Run the local lab in three terminals.

Terminal 1: start the development issuer:

python federation_demo.py serve-issuer

Terminal 2: start the federation gateway:

set EXPECTED_ISSUER=http://127.0.0.1:9000
set EXPECTED_AUDIENCE=api://federation-gateway
set ALLOWED_SUBJECT_PREFIX=system:serviceaccount:payments:
python federation_demo.py serve-gateway

Terminal 3: mint a workload token and exchange it:

python federation_demo.py mint-token --subject system:serviceaccount:payments:api > oidc.jwt
set /p TOKEN=<oidc.jwt
curl -X POST http://127.0.0.1:9001/exchange -H "Authorization: Bearer %TOKEN%"

On macOS or Linux, use this equivalent shell syntax:

python federation_demo.py mint-token --subject system:serviceaccount:payments:api > oidc.jwt
TOKEN="$(cat oidc.jwt)"
curl -X POST http://127.0.0.1:9001/exchange -H "Authorization: Bearer $TOKEN"

You should receive a JSON response containing a short-lived internal access token.

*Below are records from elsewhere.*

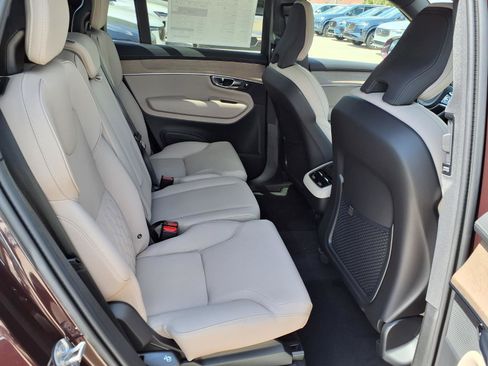 New 2026 Volvo XC90 B5 Core w/ Protection Package Premier image 10
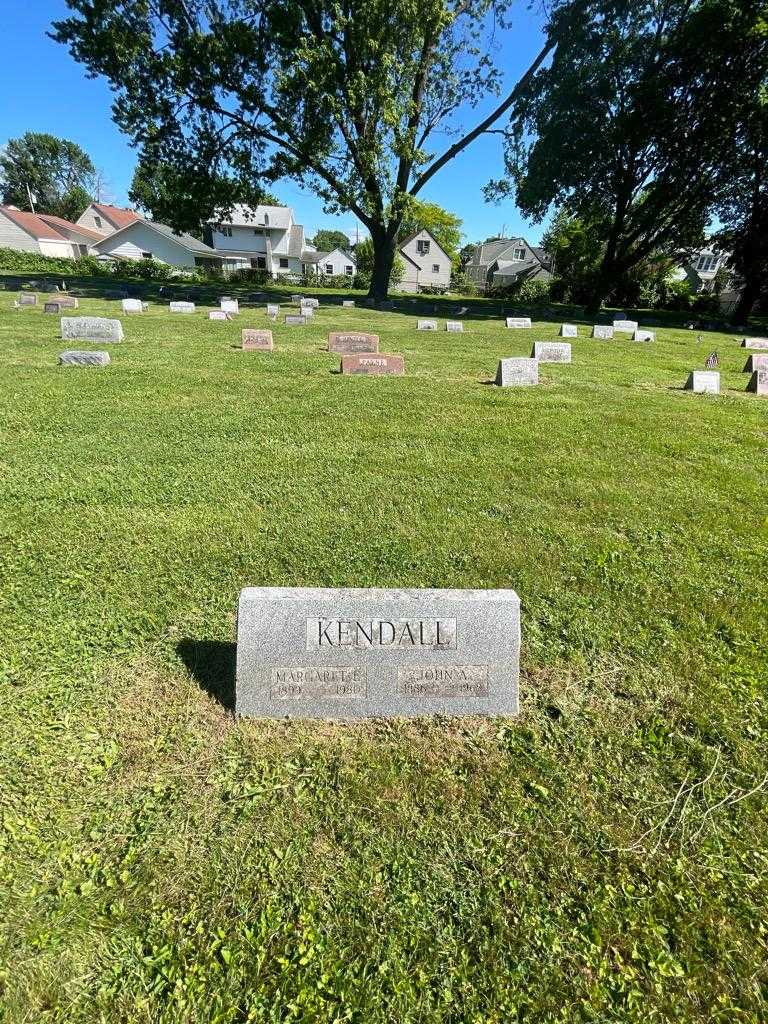 John A. Kendall's grave. Photo 1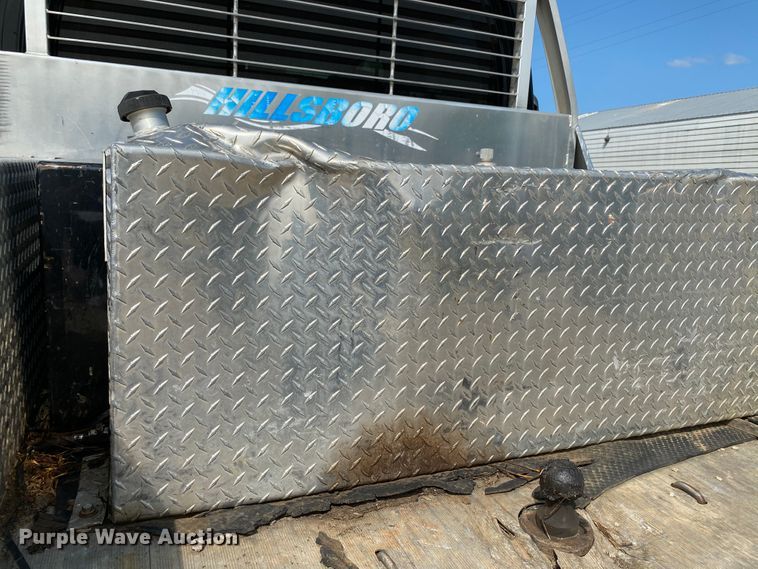 image for item HE9762 2006 GMC C5500  Crew Cab flatbed truck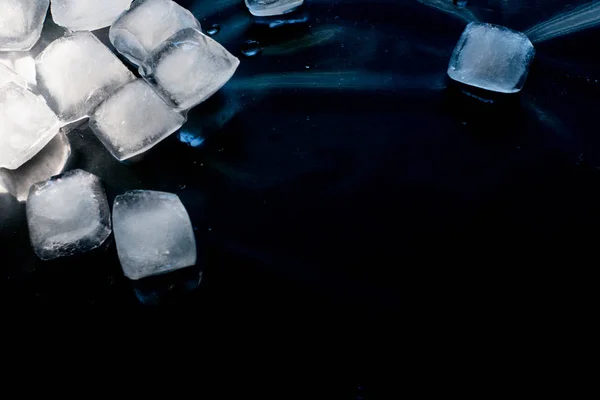 黑色背景上的冰块 — 图库照片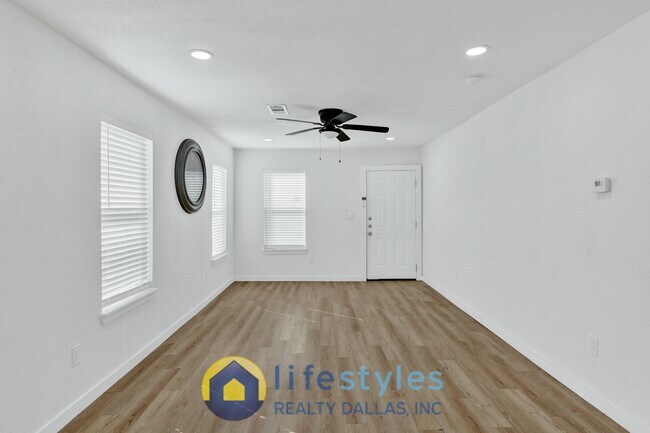 Foto del edificio - 4015 Spring Ave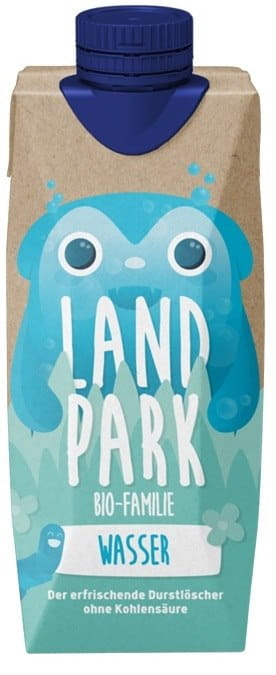 Natürliches Mineralwasser von LANDPARK in 500 ml Flasche, frisch und klar, mit natürlichem Mineralgehalt.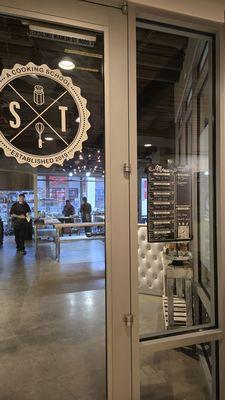 Entry... address is Main St but really off 8th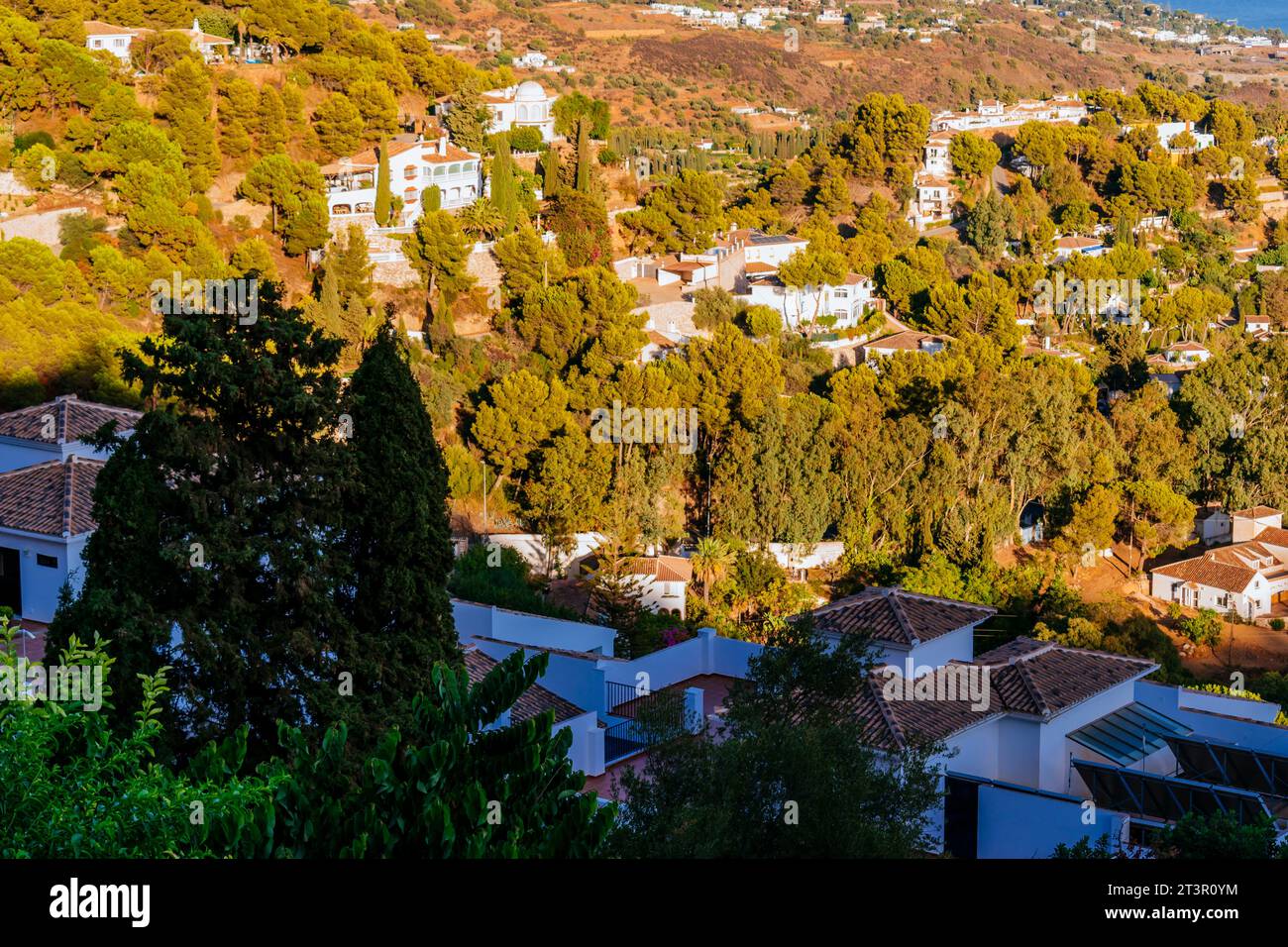 Villenentwicklungen in der Nähe von Mijas. Mijas Pueblo. Mijas, Málaga, Andalusien, Spanien, Europa Stockfoto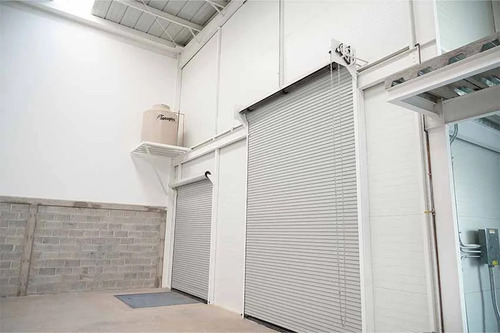 Nave Industrial O Bodega Con Excelente Ubicación En Renta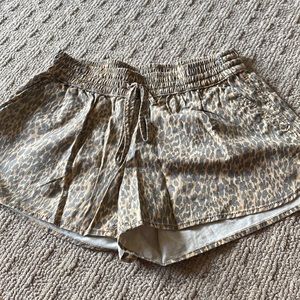 Hollister faded leopard / cheetah print shorts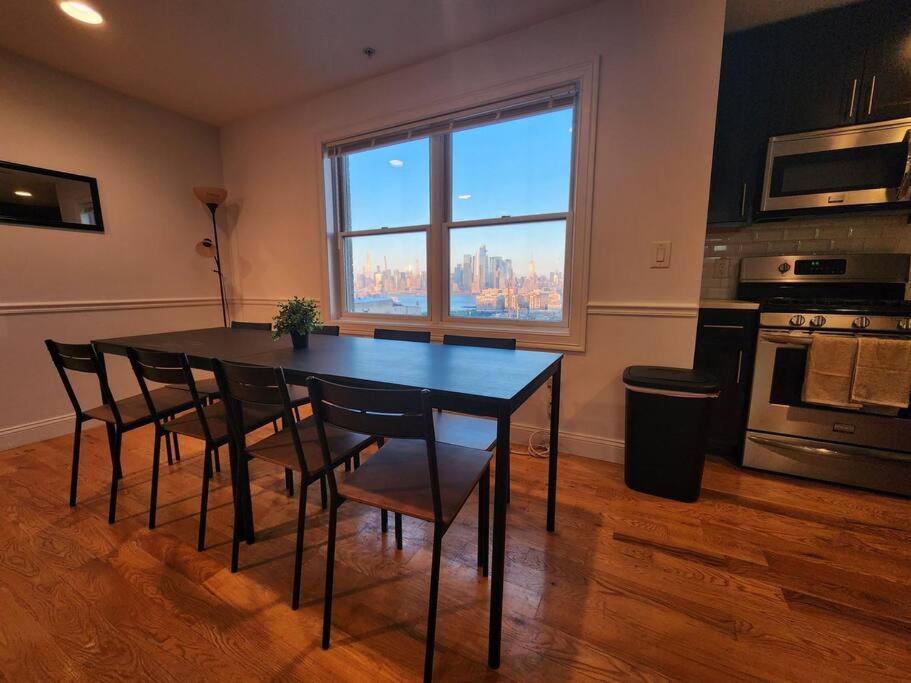 Luxurious 2 Bed ! Mins To Nyc! Lejlighed Union City Eksteriør billede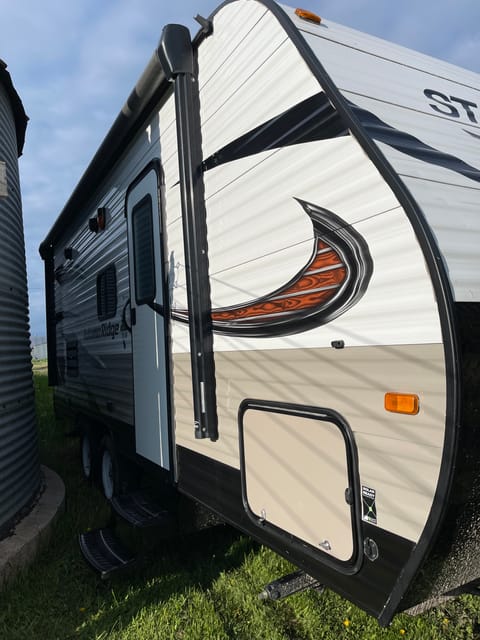 2018 Starcraft Autumn Ridge Outfitter Towable trailer in Fort Saskatchewan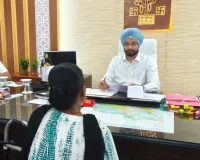 जनसुनवाई में जिला पदाधिकारी ने सुनीं 74 शिकायतें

Now try a denied subject:

python federation_demo.py mint-token --subject system:serviceaccount:default:debug > bad.jwt
set /p BAD_TOKEN=<bad.jwt
curl -X POST http://127.0.0.1:9001/exchange -H "Authorization: Bearer %BAD_TOKEN%"

The gateway rejects it because system:serviceaccount:default:debug does not match the allowed subject prefix. That is the core of workload federation: a signed token is necessary, but authorization depends on claims and policy.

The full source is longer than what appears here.